Three Questions of Ireland

One thing I had to do before we left Ireland was to ask three questions I was unable to resolve on my own:

1. Why are bars divided into two rooms? Nearly every bar has a door into which the bartender periodically disappears, and if you peak through the door, you'll see another bar on the other side, with its set of taps and bottles, and people drinking and eating and carrying on, just like you are.

2. Why is it that the worst and slowest drivers in Ireland all have a red "L" plastered on their back window? I had begun to wonder whether there was a society called the Low-Gear Solidarity, a group of people who'd undertaken a solemn vow to never go above second gear.

3. What is the difference between Coffee Black and Coffee White? When someone would ask, "Would you like coffee black?" and you reply, "No, I'd like a little cream," they would pause and say, "Do you want coffee white, or coffee black with milk in it?" or "Do you mind putting the milk in yourself?"

It turns out, to answer question no. 2 first, that the worst drivers generally do have a red L in the window because it stands for Learner. Some have more to learn than others. The incredible thing is that there are so many of them. I think we must have seen at least ten a day, and it was never a happy encounter. The traffic would be slow, and sure enough, one of the Red-L League would be at the root of it, driving at the head of ten or more cars and trucks on a narrow road. God bless them all.

The pubs are divided into two parts: a saloon, or bar - I forget the word - and a lounge. Traditionally, ladies would not enter a saloon unless their sense of morals enjoyed a bit of variety. The lounge is usually a nicer and better appointed space, and hopefully one in which a drink can be taken without sullying one's reputation.

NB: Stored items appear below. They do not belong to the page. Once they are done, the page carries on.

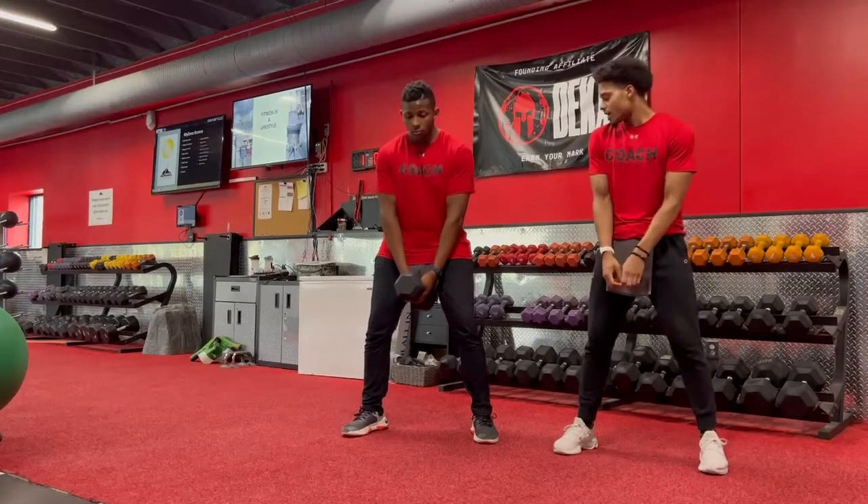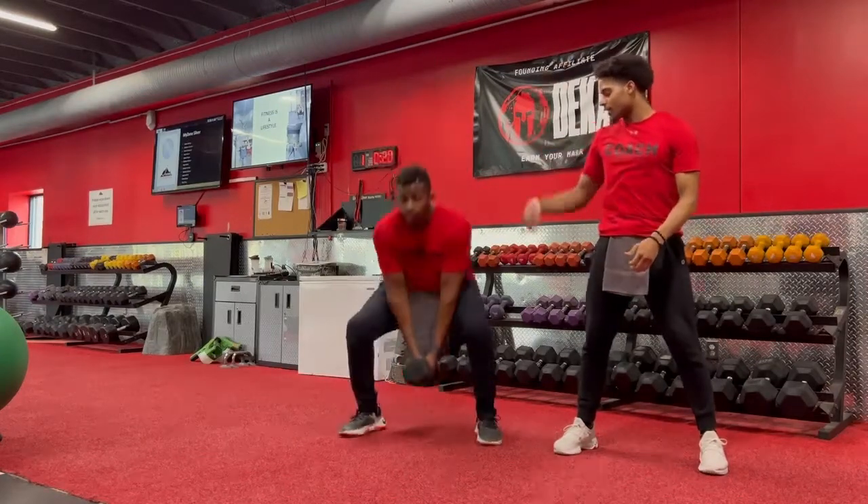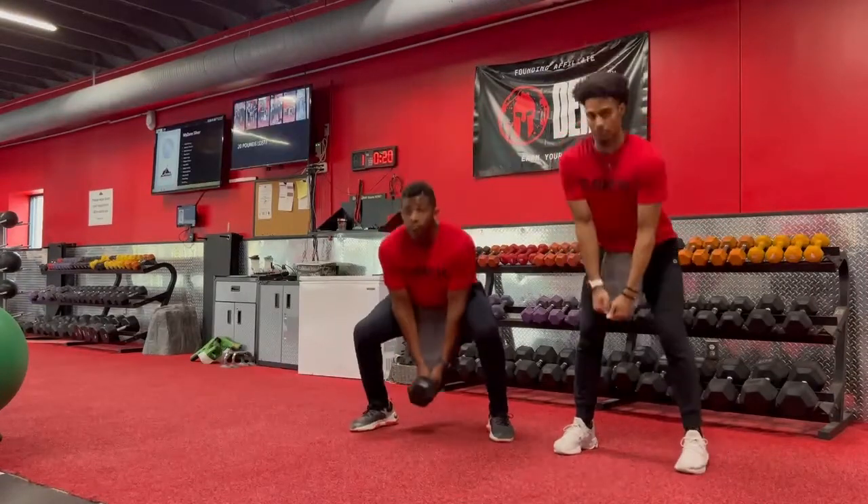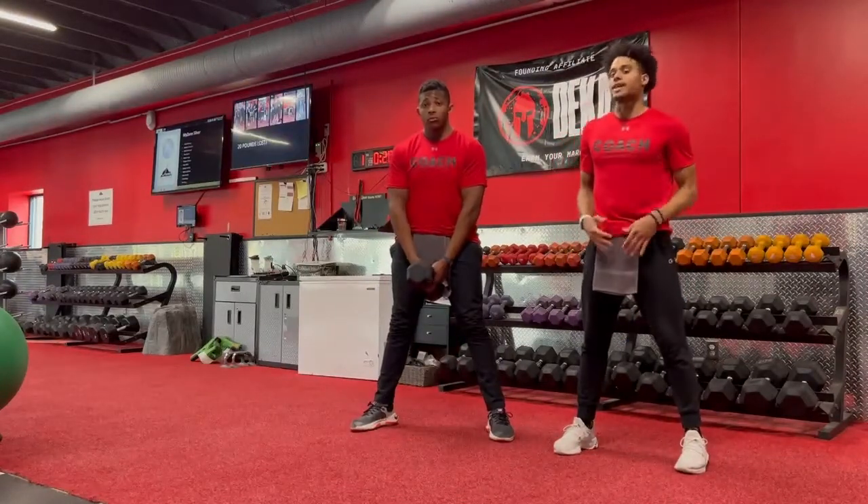From here, you're going to squat down, and then from there, you're going to explode up in the air, and land soft on the feet as you get that jump squat. Get that big chest and push those shoulders back so it keeps you from hunching over when you go down into that squat.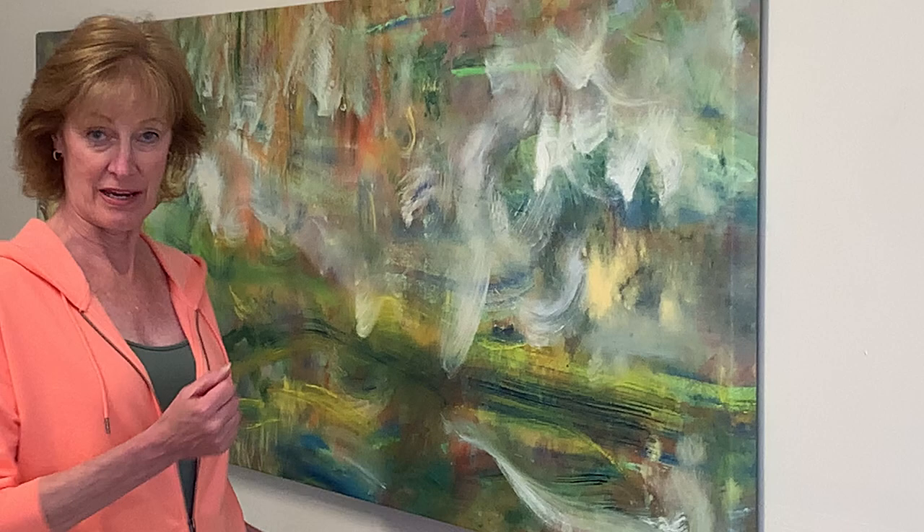And here we have You Must Believe in Spring. Of course you must — everybody does. And then we have the third painting in the series, the title of which I have forgotten. Well, I haven't forgotten it, I just can't do it for the video.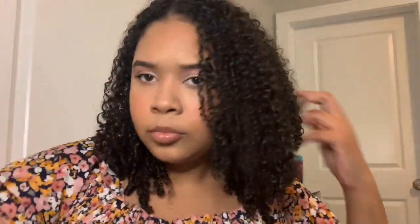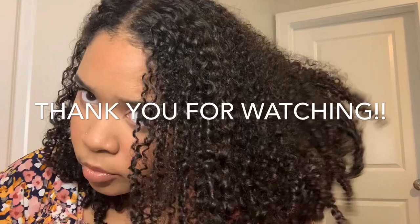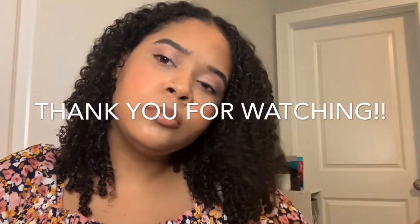If you got to this point in the video, comment down below what products you like to use for defined wash and goes. Thank you for watching — don't forget to like, comment, and subscribe.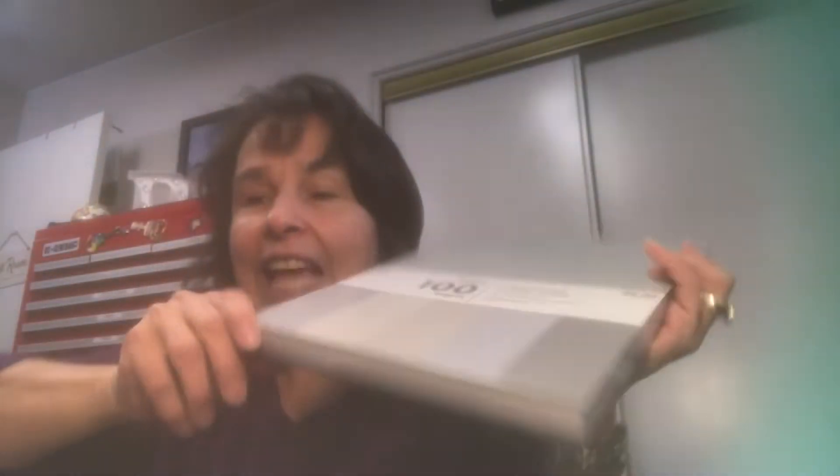I have a Hobby Lobby haul. I went there Friday after work and what I was after is some gray cardstock. You get a hundred sheets and there's different shades of gray in this pack, and that's exactly what I was wanting because I really enjoyed making the plaque that was gray and black and white. It seemed to be a really popular plaque that I had shown on a project share.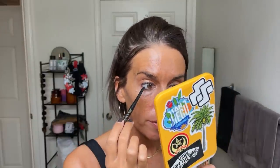I'm also going to take it in my waterline. And to tightline, I'm using the Milani Stay Put Eyeliner in After Dark. This is a great pencil to tightline with — it stays put. I love when I find stuff at the drugstore that's good. It just feels really good to have a product that you don't have to think about repurchasing.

Coffee black is ordinary coffee, and you can add whatever you like to it: milk, sugar, cream of tartar... Coffee white is coffee made with a 50/50 mixture of milk and water instead of simply water. Coffee is a rare enough item anyhow in the countryside. I remember vividly one morning spent mainly in trying to find coffee. Tea is usually taken. It's good tea, and some people do make it strong enough to satisfy the coffee urge, but tea is tea. In Dublin, however, it is easy to find good coffee. I recommend Rombout's, when it's available. But if you are driving around the island, and you cannot start your day without coffee, you may want to carry a percolator with you.